1776 - The Last Shadow of Liberty
General Israel Putnam, aka "Old Put"
General of the Continental Army
Putnam was born in Salem Village (now Danvers), Massachusetts, on January 7, 1718. In 1740, at the age of 22, he moved west to Mortlake (now Pomfret) in northeastern Connecticut, where land was cheaper and easier for young men to buy. According to oral tradition, Putnam in his youth killed the last wolf in Connecticut with the help of a group of farmers from Mortlake. The tradition describes Putnam crawling into a den with a torch, a musket, and his feet secured with rope, in order to be quickly pulled out.
Putnam took part in the French and Indian War as a member of Rogers’ Rangers, and later led a similar company of rangers from Connecticut. He was promoted to captain in 1756 and to major in 1758. Captured on August 8, 1758 by the Kahnawake (Mohawk Indians) during a military campaign near Crown Point in New York, he was saved from being ritually burned alive by a rain storm and the last-minute intervention of a French officer.
In 1759, Putnam led a regiment into the valley of death the attack on Fort Carillon; and in 1760 he was with the British army that marched on Montreal. In 1762, he survived a shipwreck during the British expedition against Cuba that led to the capture of Havana. Major Putnam is believed to have brought back Cuban tobacco seeds to New England, which he planted in the Hartford area. This reportedly resulted in the development of the renowned Connecticut Wrapper (shade tobacco). In 1763 during Pontiac’s Rebellion, Putnam was sent with reinforcements to relieve Pontiac’s siege of Fort Detroit.
On April 20, 1775, when Putnam received news of the Battles of Lexington and Concord that started the war the day before, he left his plow in the field and rode 100 miles in eight hours, reaching Cambridge the next day and offering his services to the patriot cause. Putnam was named major general, making him second in rank in the Army of Observation that preceded the founding of the Continental Army. He was one of the primary figures at the Battle of Bunker Hill, both in its planning and on the battlefield. During that battle Putnam may have ordered William Prescott to tell his troops “Don’t fire until you see the whites of their eyes”.
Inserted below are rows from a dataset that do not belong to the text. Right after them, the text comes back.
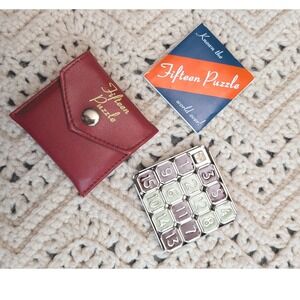 ThinkFun Fifteen Puzzle Classic Sliding Tile Game Metal Enamel with Red Case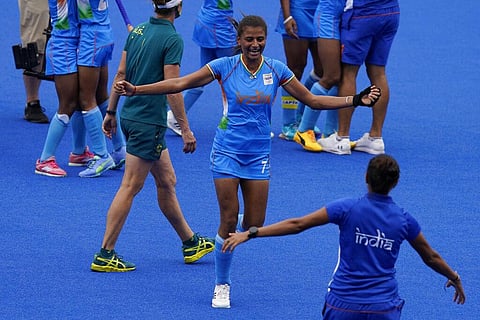 India's Sharmila Devi (7) celebrates with her teammates after winning their women's field hockey match against Australia at the 2020 Summer Olympics. (Photo | AP)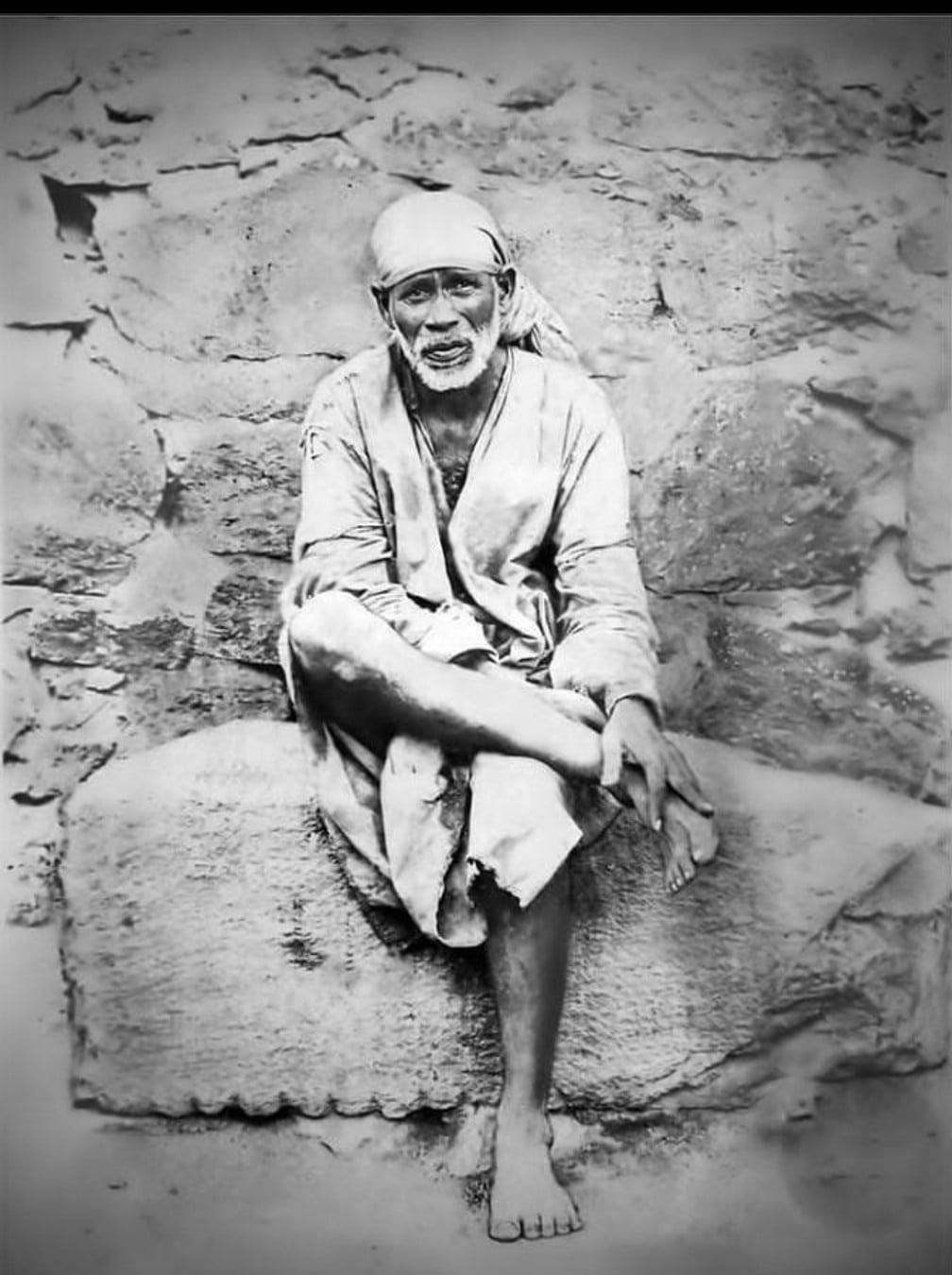 復古黑白照片 Sai Baba 手機壁紙 壁紙 — 一位留著白鬍子的老人赤腳坐在石階上，背景是粗糙紋理的牆壁，復古黑白照片。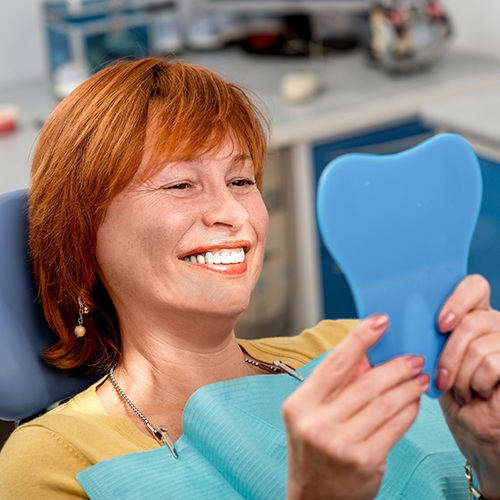 Woman showing off her complete smile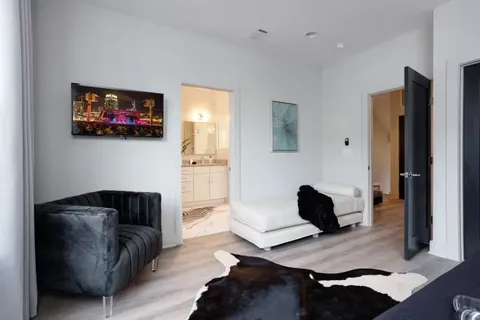a bathroom with double sink and a mirror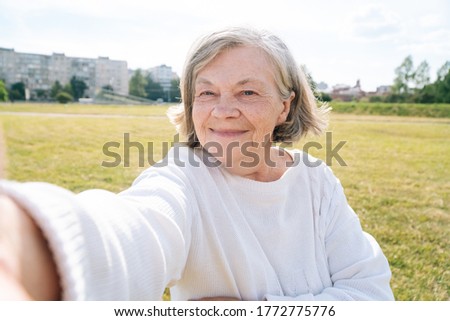 A beautiful European older woman makes a selfie. Elderly grandmother talking on video of communication on smartphone, waving her hand into the front camera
Putnam joined the Continental Army when it was organized in July 1775, he was commissioned as colonel of the 3rd Connecticut Regiment, and later became brigadier of the Connecticut militia. After Bunker Hill, Putnam progressed to temporary command of the American forces in New York, while waiting for the arrival on April 13, 1776 of the commander-in-chief, Lieutenant General George Washington.